Return only the lines from the top of the data down to the one that holds "Drune Halb Hochkragen", both included, without any pictures.

DATA EXTRACT:
=== Begin Enclosure ===

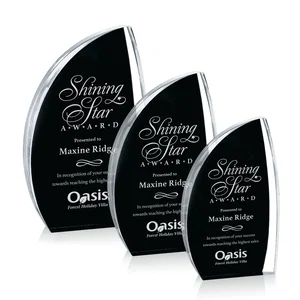 Clear Acrylic Award with Side Peak and Black Backing
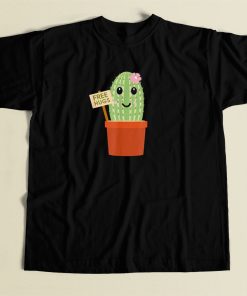 Cactus Free Hugs Funny 80s Retro T Shirt Style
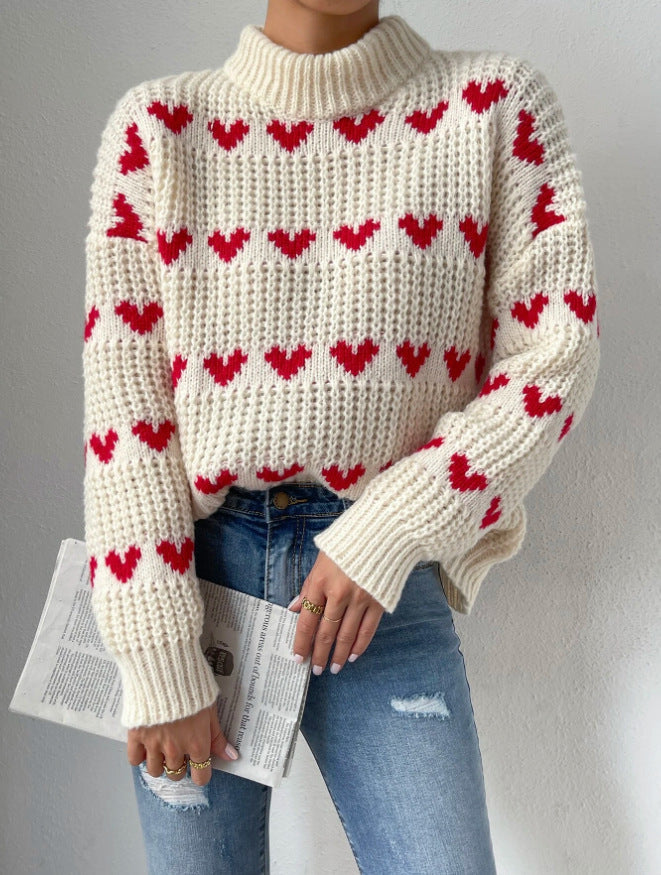 Drune Halb Hochkragen Locker Passform Liebesherz Jacquard Strickpullover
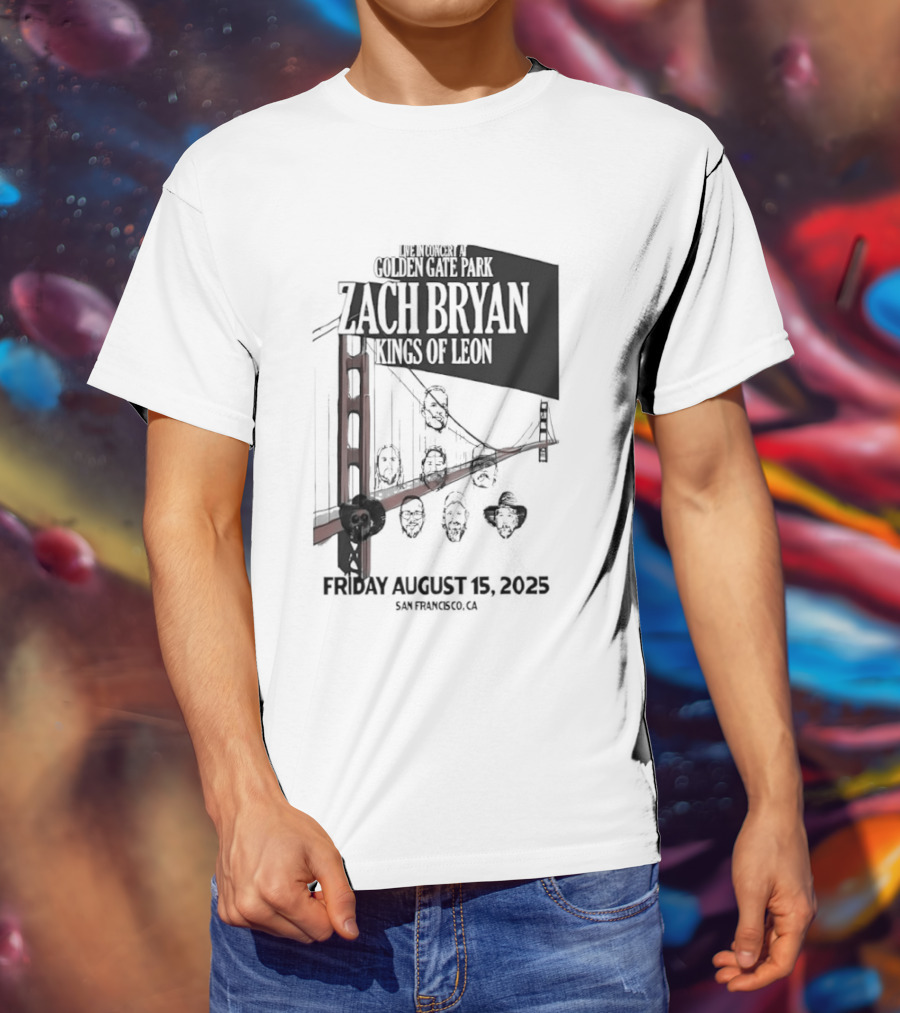 Zach Bryan Kings Of Leon Golden Gate Park San Francisco August 15 2025 Tour T-Shirt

=== End Enclosure ===

RESPONSE TO THIS TASK:
 Clear Acrylic Award with Side Peak and Black Backing
 Cactus Free Hugs Funny 80s Retro T Shirt Style
 Drune Halb Hochkragen Locker Passform Liebesherz Jacquard Strickpullover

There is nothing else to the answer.